The bank received a ‘D’ rating from the Asset Owners Disclosure Project (AODP), making it not only the lowest ranked Australian organisation, but the lowest in the world domiciled outside of the USA and Japan.
“Macquarie, the sole Australian investment manager included in this index, will have to dramatically improve its climate credentials, with the impending acquisition of the UK’s Green Investment Bank, which has just been given the green light by UK courts,” the AODP said in its report.
A spokesperson from Macquarie said the bank disagrees with the rating it received in the AODP’s recent report and noted the bank has a number of processes in place to identify climate change risks.
“Macquarie rejects any suggestion it does not recognise the financial risks of climate change,” the spokesperson said.
“As a significant global asset manager, Macquarie is fully committed to ensuring environmental risks are identified and managed responsibly in our business activities and relationships, and each member of staff shares the responsibility for identifying and managing these risks as part of normal business practice.”
The spokesperson said the bank did not participate in the AODP’s survey, but that it does participate in a number of similar industry initiatives including the UN Principles for Responsible Investing (which Colonial First State recently became a signatory to) and the Carbon Disclosure Project.

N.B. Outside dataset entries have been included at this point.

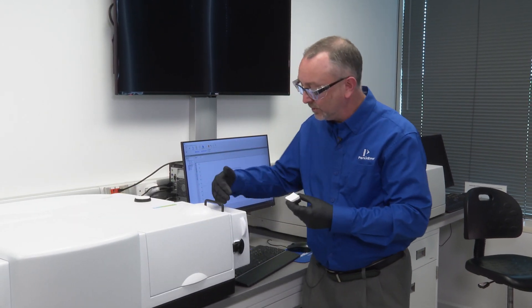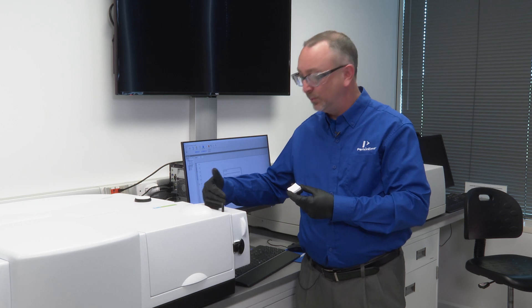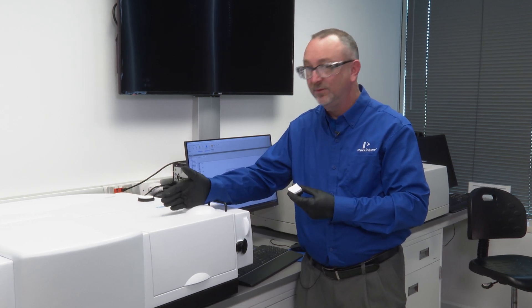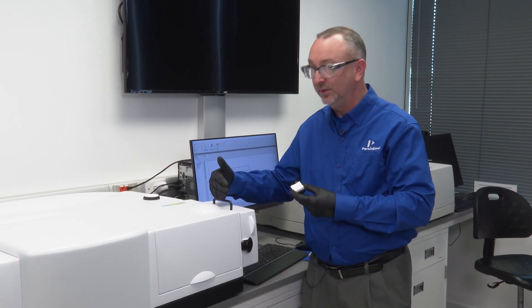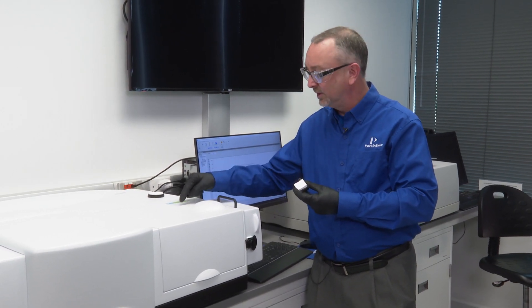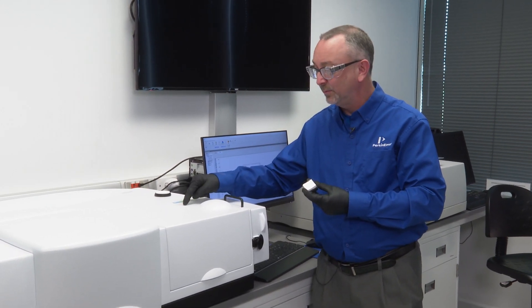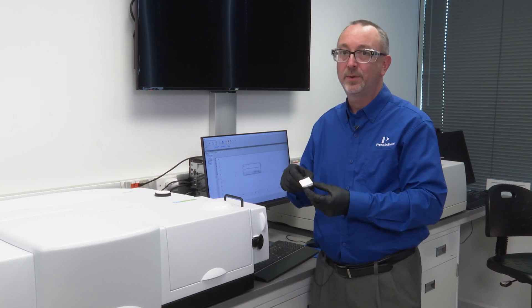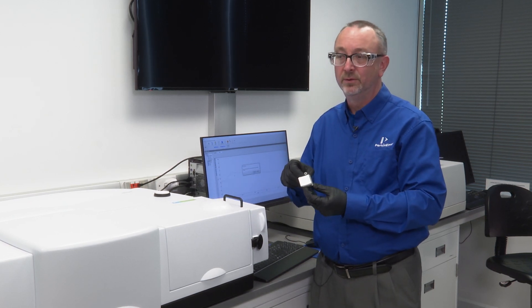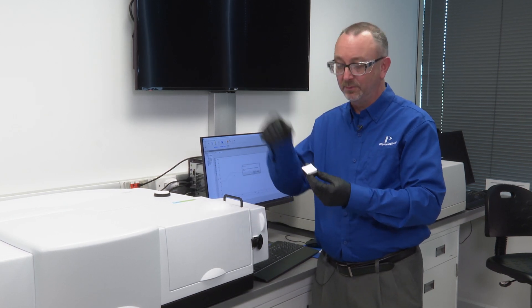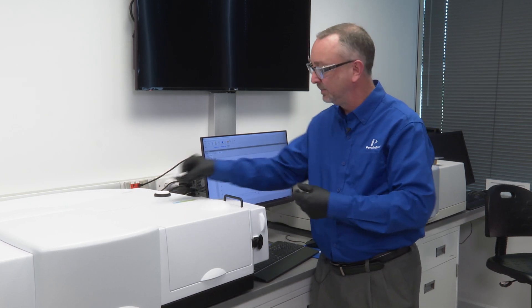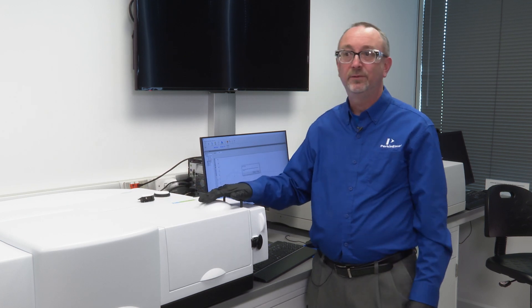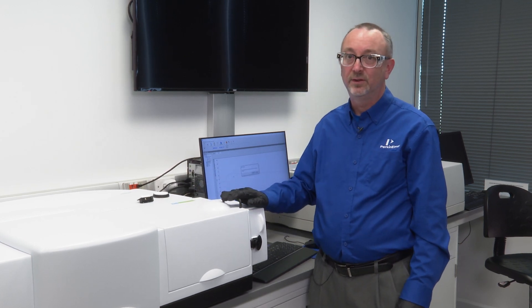The angle at which the sample faces the beam is 8 degrees. Thus this exclusion pool allows any specular component to be dumped from the integrating sphere. Thus we are collecting diffuse reflectance only.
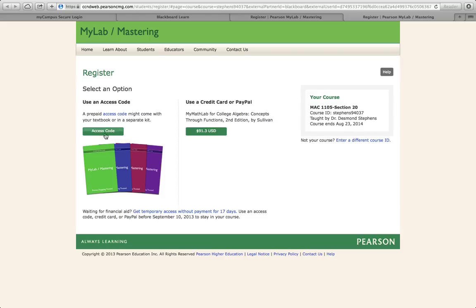You'll see that if you have an access code, which you may have received when you purchased your book at the bookstore, just click this button, enter the access code, and you're all set.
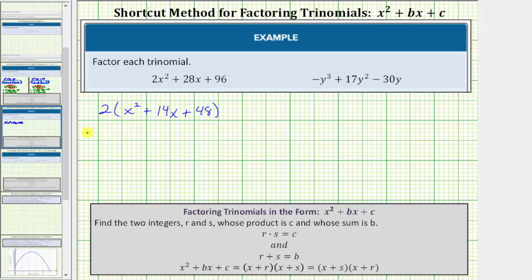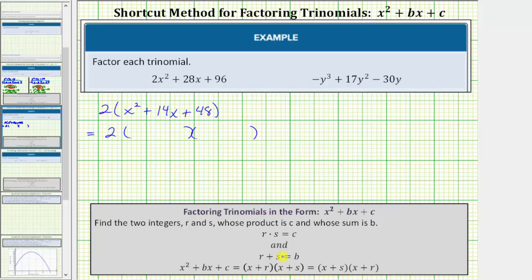So if this does factor further, we'll factor into two and then two binomial factors. To use the shortcut method to factor the trinomial inside the parentheses, we look for two integers, which we'll call r and s, whose product is equal to c, the constant term, and whose sum is equal to b, the coefficient of x. Once we find the value of r and s, the factored form will be the quantity x plus r, times the quantity x plus s.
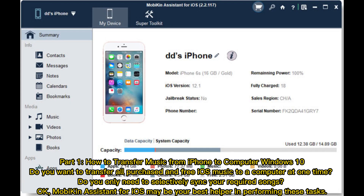Part 1: How to transfer music from iPhone to computer Windows 10. You want to transfer all purchased and free iOS music to a computer at one time, or do you only need to selectively sync your required songs? MobiKin Assistant for iOS may be your best helper in performing these tasks.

“Macquarie also reports on environmental, social and governance matters, including detailed information on its Operational Carbon Footprint and Management of Environmental and Social Risks, through its Annual Financial Report,” the spokesperson said.
According to the spokesperson, Macquarie Bank has invested $14 billion into renewable energy projects since 2010 and is “aware of the opportunities and responsibilities” associated with shifting to a low-carbon economy.